Besonders gern suchten den frommen Bruder die deutschen Handwerksburschen auf, um die er sich liebevoll annahm und denen er durch hohe Gönner reichliche Unterstützung zukommen ließ. Zu diesen Gönnern zählten Prälaten, Kardinäle, Fürsten und vor allem Papst Klemens XIII. Dieser, von den burbonischen Höfen damals sehr bedrängt, eröffnete dem ungelehrten, aber gotterleuchteten Klosterbruder die Kümmernisse seines Herzens und erbat sich von ihm Gebet und Rat. Im Sommer des Jahres 1762 lud der Fürst Plumbini den Bruder Jörg ein, die heißen Tage bei ihm in Fascati, unweit von Rom zu verbringen. Mit Erlaubnis seiner Obern durfte er der Einladung folgen. Er sah Rom nicht wieder. Am 7. Oktober 1762 starb er, 65 Jahre alt, in der Villa Plumbini eines heiligen Todes. Die Leiche wurde unter außerordentlicher Beteiligung des Volkes in die Kapuzinerkirche daselbst übertragen, wo sie unter der ewigen Lampe im Presbyterium ihre Ruhestätte fand. Eine marmorne Platte deckte das Grab, das viel von Betenden und Hilfsbedürftigen aller Art umlagert wurde.

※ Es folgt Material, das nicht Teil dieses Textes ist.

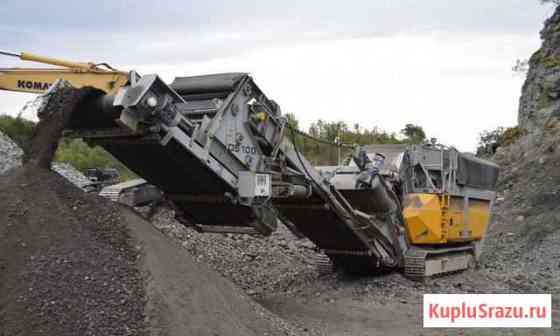 Дробилка роторная Rubble Master RM 100 Москва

Der ehrwürdige Diener Gottes erwies sich eben auch in seiner Verklärung als liebreicher Helfer der Bedrängten. So kam es, dass bald der ganze Lebenswandel des gottseligen Bruders einer eingehenden Untersuchung unterstellt wurde, deren Ergebnis das Urteil allgemein bestätigte, dass er die göttlichen und sittlichen Tugenden in hohem Maß besessen und in heroischer Weise geübt habe. Um die Mittel zur Fortführung des Seligsprechungsprozesses beizuschaffen, bemühte sich in Deutschland besonders der Kurfürst und Bischof von Augsburg Klemens Wenzeslaus. Von Fürsten und hochgestellten Persönlichkeiten liefen Bittgesuche um die Seligsprechung ein. Alle Vorbedingungen wären gegeben gewesen. Allein die vom Kurfürsten 1783 angeordnete Sammlung zur Gewinnung der Mittel fand in jener bösen Zeit wenig Anklang und so ruhte die Sache. Erst in unserer Zeit wurde sie wieder in Gang gebracht, nachdem schon Papst Pius IX. 1852 den Bruder Georg von Augsburg für „ehrwürdig“ erklärt hatte. Möge es Gott gefallen, der angeregten Verhandlung einen günstigen Fortgang zu geben, dass wir bald in dem schlichten Kapuzinerbruder aus dem bayerischen Allgäu einen neuen Seligen verehren dürfen!